Information provided:
────────────────────

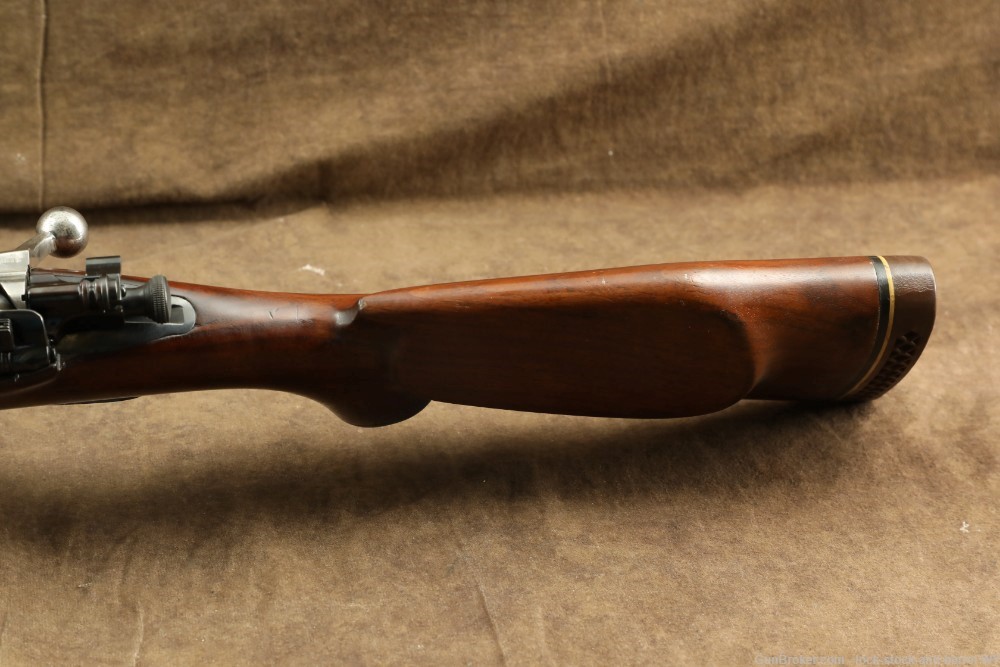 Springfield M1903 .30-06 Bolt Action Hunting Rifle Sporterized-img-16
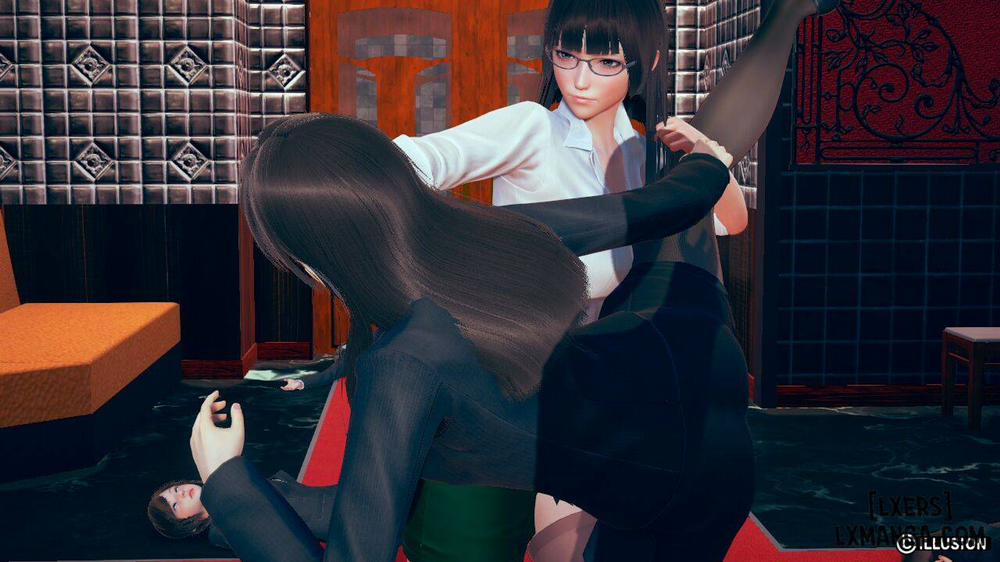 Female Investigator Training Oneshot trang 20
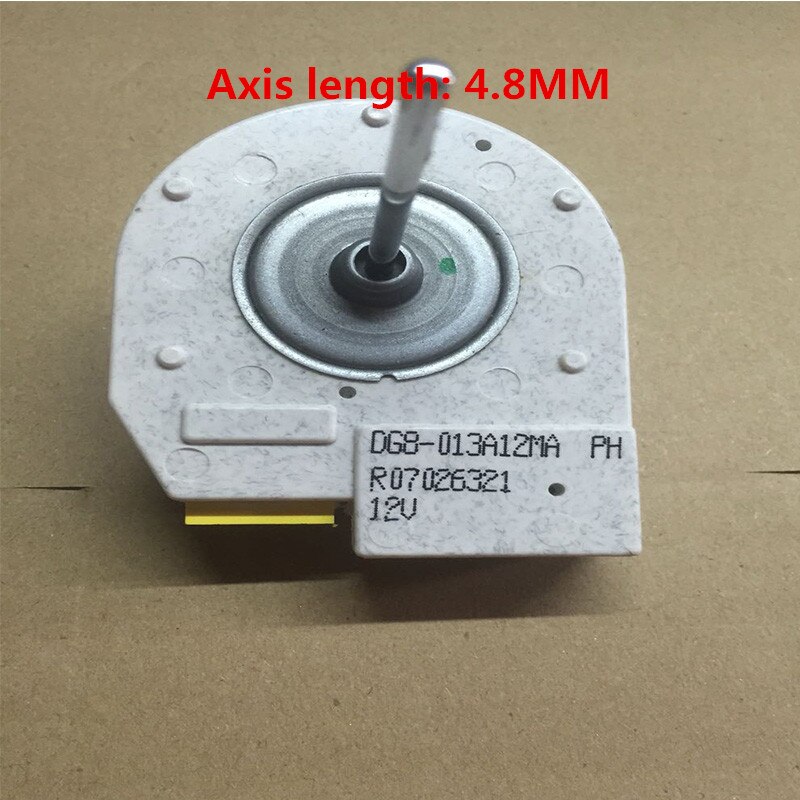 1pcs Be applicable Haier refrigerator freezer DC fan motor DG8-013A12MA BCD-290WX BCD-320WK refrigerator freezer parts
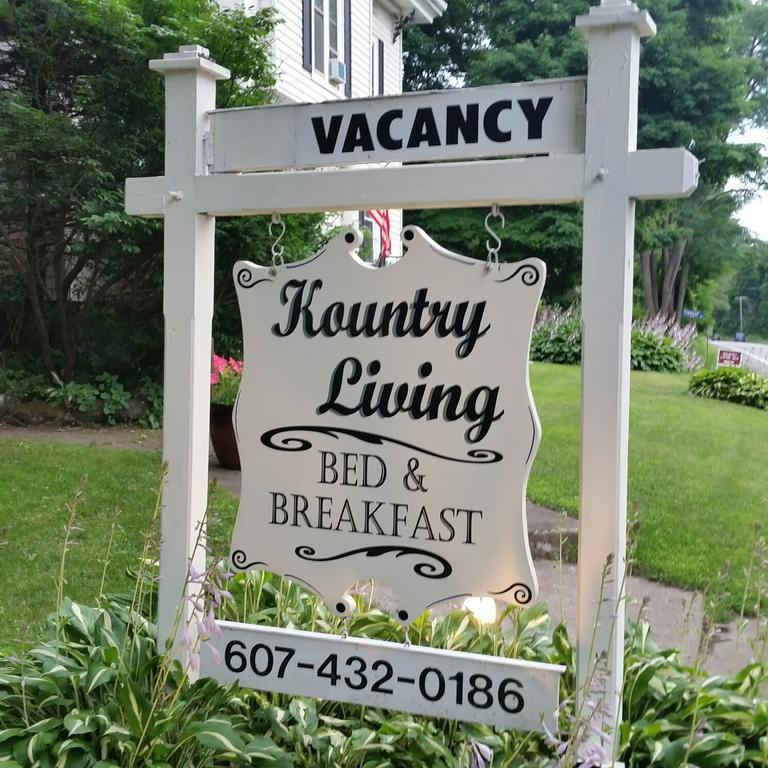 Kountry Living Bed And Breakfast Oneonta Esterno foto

────────────────────

Required action:
Exactly as they stand, write the lines from the one holding "1pcs Be applicable" to the end of the material, both ends included. Do not copy the pictures.

Output for this exercise:
 1pcs Be applicable Haier refrigerator freezer DC fan motor DG8-013A12MA BCD-290WX BCD-320WK refrigerator freezer parts
 Kountry Living Bed And Breakfast Oneonta Esterno foto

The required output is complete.